I'M GOING TO BED (HINT: PROBABLY TRUE)

Date: 2009-11-30 01:30 pm (UTC)
From: [identity profile] tigerboat.livejournal.com
I SHOULD PUT A RUDE "NEED ADDRESS" NEXT TO YOU.

THAT ALL SOUNDS SO SUCKY i'm just gonna sit back here with a smug look on my face, knowing i never have to do that sort of thing

maybe they just liked your table because it had a HOT ANIME TEACHER and a SEXY OLD EATING LADY and...uh...you had a drink that...really was a drink? unf unf?

GOD ITS ANNOYING WHEN PEOPLE TAKE STUFF SERIOUSLY even people who've known me for a while still make the mistake though, haha. i'm just bad at humour.

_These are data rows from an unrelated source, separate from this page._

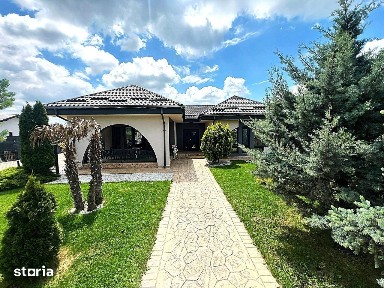 Casă modernă în Bucium cu livadă și teren de 1700 mp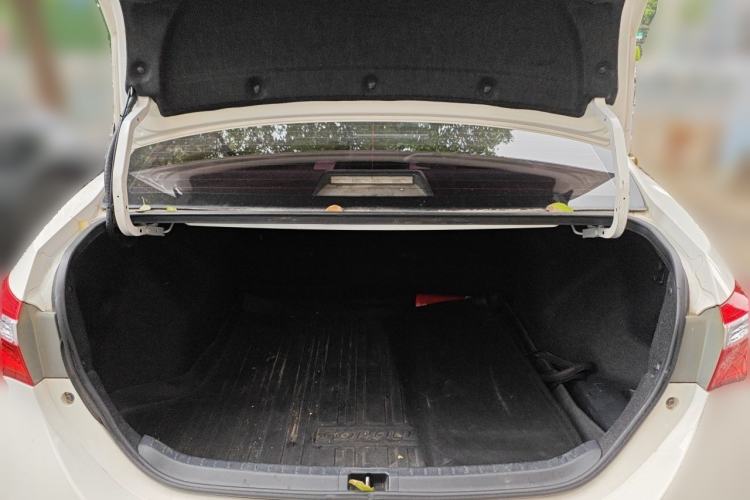 Used Toyota Corolla 2016 1.6L CVT GL-i Cool Edition Trunk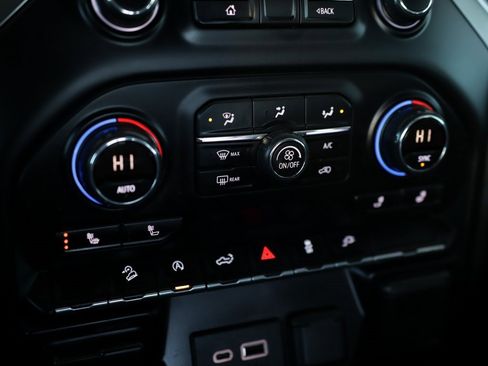 Used 2019 Chevrolet Silverado 1500 RST w/ All-Star Edition image 17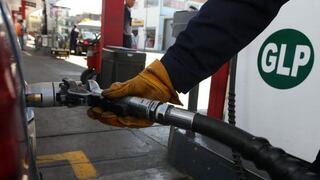 Precios de combustibles bajaron hasta 1.5% por galón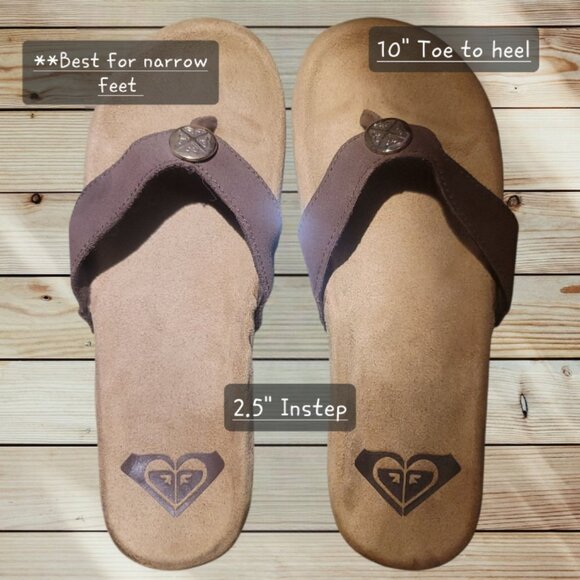ROXY - SIZE 8 - Leather and Microsuede - Flip Flops - Gold ROXY Logo Medallion - Picture 2 of 5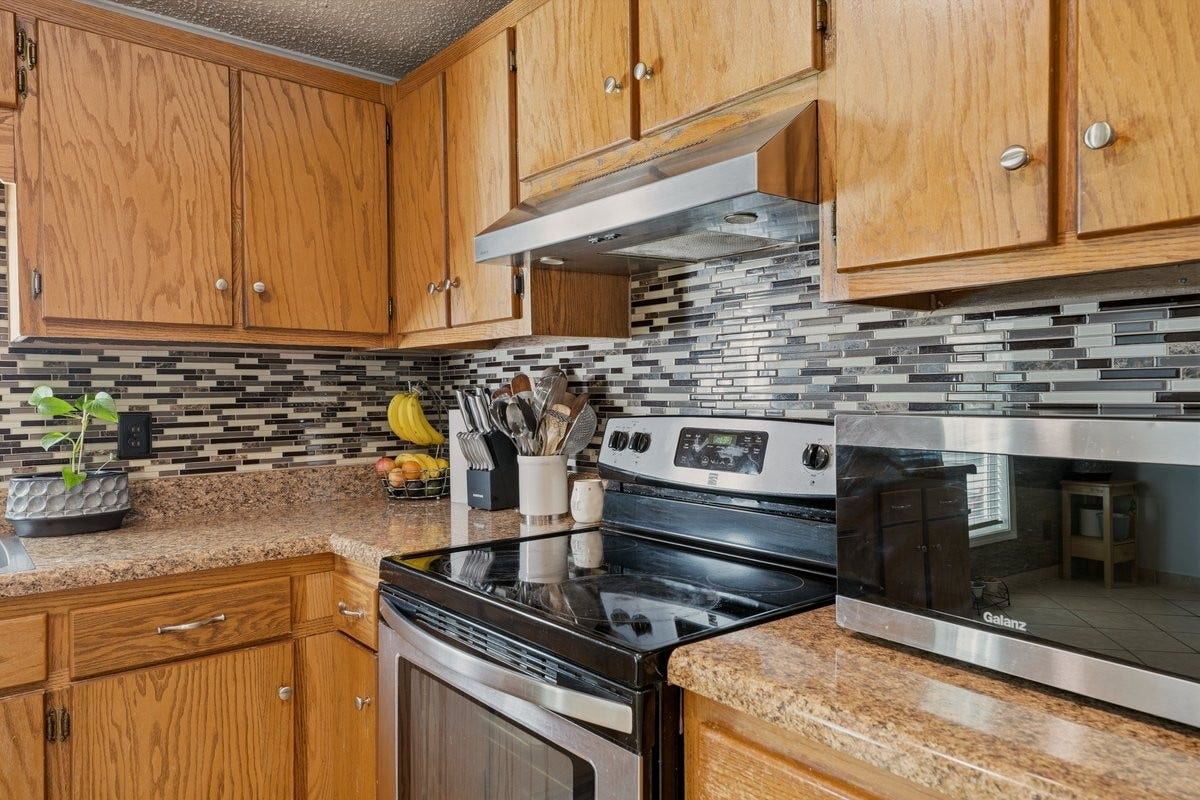 308 Carney St, Shelbyville, TN 37160 308 Carney St, Shelbyville, TN 37160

WTF THAT why are they making such a big deal about three gender choices that doesn't even make sense. I DON'T GET PEOPLE HOW DOES IT DO ANY HARM<ASJDKLASDJsdksdl

Date: 2009-12-01 02:26 am (UTC)
From: [identity profile] doxinator.livejournal.com
I KEEP FORGETTING TO BUG MOM

i actually didn't mind any of it (aside from sarah, but i was over it the next day). a sense of humor is a lifesaver when it comes to this stuff; even when i had that horrible pinched nerve, i still just laughed about it (i'm glad life isn't like oregon trail anymore because i would manage to break my leg somehow within the two miles). and the thanksgiving prayer was one of the funniest things that's happened to me in a long time, and, to me, sounds like it could be a zany scene in a movie or something. DESPITE ALL MY WHINING ABOUT FAMILY REUNIONS, I REALLY DO LOOK FORWARD TO SEEING THE WEIRD STUFF THAT ALWAYS MANAGES TO HAPPEN WHEN WE HAVE THEM

THEY PROBABLY JUST LIKED US BECAUSE WE WERE A BIG GROUP OR SOMETHING
it's ~*~*~*~wet~*~*~*~*~

UGH I KNOWWWW
it's not like i expect people to pick up on every sarcastic thing i say but oh my god can they at least pick up on some of them
is it because i'm young, is that why people think i need their advice every time i so much as take a piss

BECAUSE IT'S EXPOSING EVERYONE'S INNOCENT BABBIES TO THE HORRORS OF GENDER CONFUSION
IF YOU'RE "QUESTIONING" THEN WELL THAT'S GOOD ENOUGH FOR THEM, THEY'LL GETCHA!!!!!